This is the new home of the egghelp.org community forum.
All data has been migrated (including user logins/passwords) to a new phpBB version.


For more information, see this announcement post. Click the X in the top right-corner of this box to dismiss this message.

links - url and img collector

Support & discussion of released scripts, and announcements of new releases.
Post Reply
n
ngtjah
Voice
Posts: 5
Joined: Sun Mar 30, 2014 11:27 pm

links - url and img collector

Post by ngtjah »

A web page and scripts that collect and display links and images from a IRC channel with the help of an eggdrop bot's channel log.

https://github.com/ngtjah/links

It can do some other things like integrate with twitter and pocket.

This is a little project that I've been working on for a few years driven by my little IRC community and I thought this might be a good place to share it and get some feedback.

Check out the github wiki for more information.

-ngtjah
N
Nocty
Voice
Posts: 15
Joined: Tue Jun 17, 2014 3:18 pm

Works! Except for YouTube...

Post by Nocty »

So thanks to your excellent guide I was able to follow the directions and, with a little bit of troubleshooting and only minimal Linux knowledge (running this on Debian), I was able to get this script mostly working.

For some reason, however, it does not seem to like the YouTube links I tested it with, and seems to decide they are error pages.

Output of Links_logs.log

Code: Select all

This URL: https://www.youtube.com/watch?v=HMUDVMiITOU&feature=kp doesn't really exist!! Return Code: 501

$VAR1 = bless( {
                 'isdupe' => 0,
                 'date' => '2014-06-17 14:10:31',
                 'parseline' => '[14:10:31:2014-06-17] <Nocty> https://www.youtube.com/watch?v=HMUDVMiITOU&feature=kp',
                 'body' => 'https://www.youtube.com/watch?v=HMUDVMiITOU&feature=kp',
                 'mimetype_returncode' => 501,
                 'type' => 'irc',
                 'announcer' => 'Nocty',
                 'mimetype' => 'text/plain',
                 'www_url' => 'https://www.youtube.com/watch?v=HMUDVMiITOU&feature=kp'
               }, 'Links' );
n
ngtjah
Voice
Posts: 5
Joined: Sun Mar 30, 2014 11:27 pm

Post by ngtjah »

Hi Nocty, Glad you were able to get it working! I was hoping I had not missed anything in the guide. You are the first user I have heard back from since releasing this. Thanks for the feedback.

I will take a look at this problem. I have seen some issues like this before with a 5xx error on my site. I'm thinking something must be going on with the "feature=kp" in the URL. Does it work OK without that?

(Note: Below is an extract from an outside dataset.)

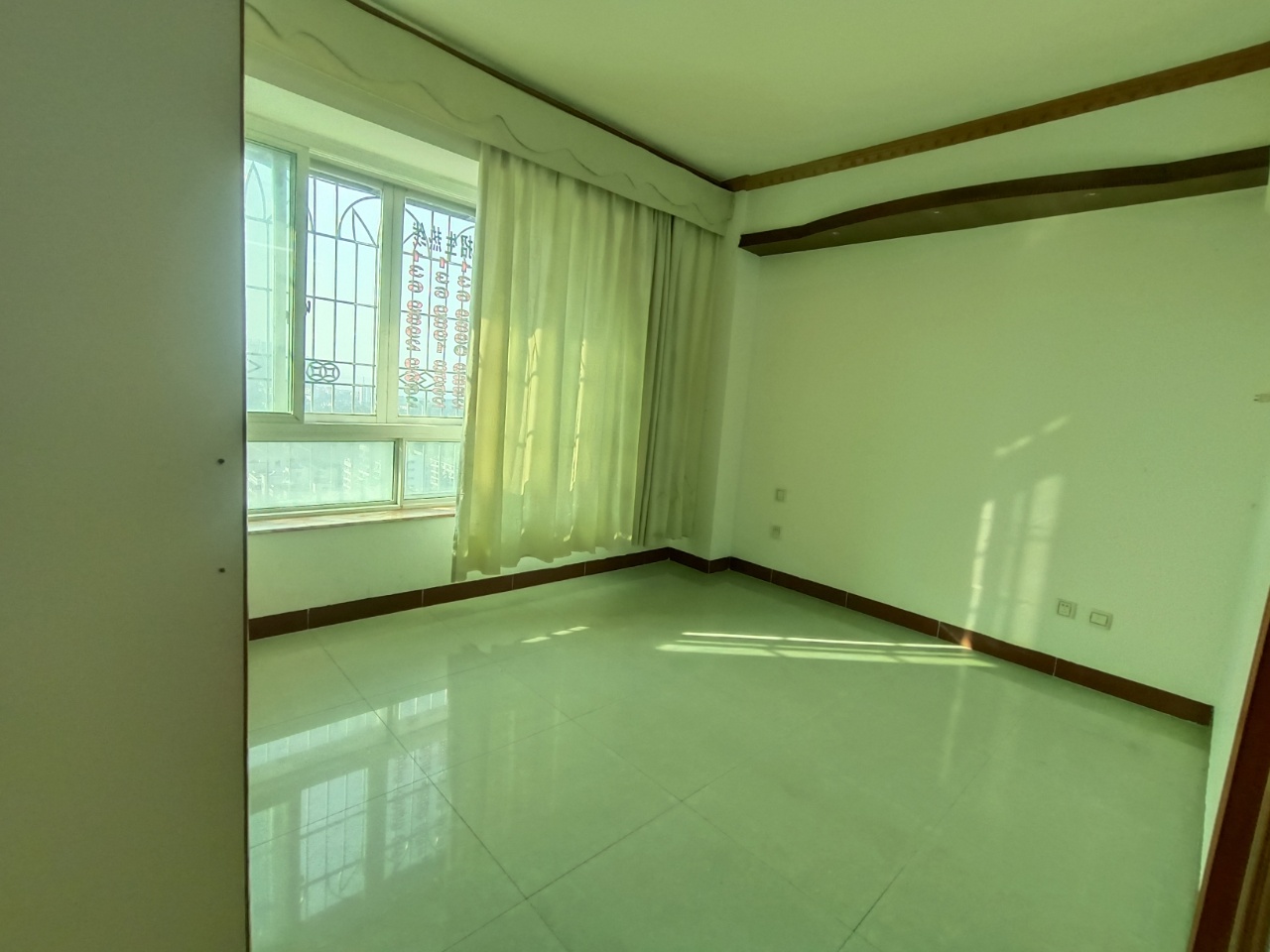 逸海楼 3室2厅1卫 2500.0元/月 逸海楼 3室2厅1卫 2500.0元/月室内图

If you have any more issues please feel free to report them on the github page under issues and I should get back to you a bit faster.

-ngtjah
n
ngtjah
Voice
Posts: 5
Joined: Sun Mar 30, 2014 11:27 pm

Re: Works! Except for YouTube...

Post by ngtjah »

Hey Nocty,

I found the issue. Some of my recent code didn't make it to the repository. If you grab the new Links.pm file you should be good to go.

-ngtjah
N
Nocty
Voice
Posts: 15
Joined: Tue Jun 17, 2014 3:18 pm

Thanks!

Post by Nocty »

:D

Awesome, will grab to test now, I had been looking to replace the current link logger I have because it's ugly as sin, but as you might imagine YouTube links are pretty common in the channel.

I will grab the new .pm and let you know how things work, but I'm pretty sure you're correct; I noticed that it was indeed catching some YT links but not all of them.

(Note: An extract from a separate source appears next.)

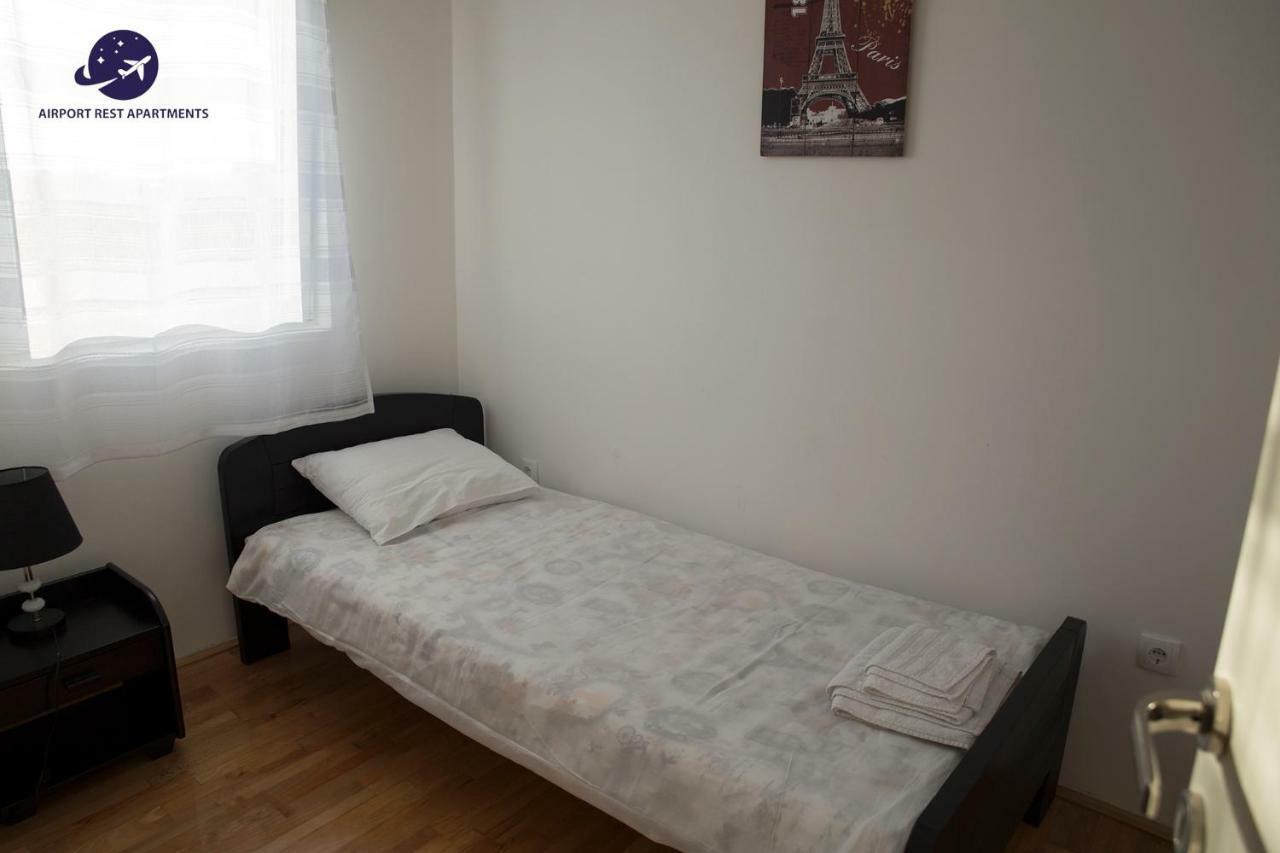 Airport Rest Apartments Белград Екстериор снимка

Thanks again for all your hard work!
N
Nocty
Voice
Posts: 15
Joined: Tue Jun 17, 2014 3:18 pm

Same error

Post by Nocty »

Still getting the same error with the updated links.pm; it seems to not like anything as far as the & parameter in the URL

Code: Select all

 This URL: https://www.youtube.com/watch?v=HMUDVMiITOU&t=10 doesn't really exist!! Return Code: 500

$VAR1 = bless( {
                 'isdupe' => 0,
                 'date' => '2014-07-24 11:30:46',
                 'parseline' => '[11:30:46:2014-07-24] <@Nocty> https://www.youtube.com/watch?v=HMUDVMiITOU&t=10',
                 'body' => 'https://www.youtube.com/watch?v=HMUDVMiITOU&t=10',
                 'mimetype_returncode' => 500,
                 'type' => 'irc',
                 'announcer' => 'Nocty',
                 'mimetype' => 'text/plain',
                 'www_url' => 'https://www.youtube.com/watch?v=HMUDVMiITOU&t=10'
               }, 'Links' ); 
You could potentially strip anything starting at the first & in a YouTube URL for the parsing, since these options in the URL only instruct the browser to skip to a particular point in the video, enable HD, etc, and wouldn't adversely affect the video title being parsed.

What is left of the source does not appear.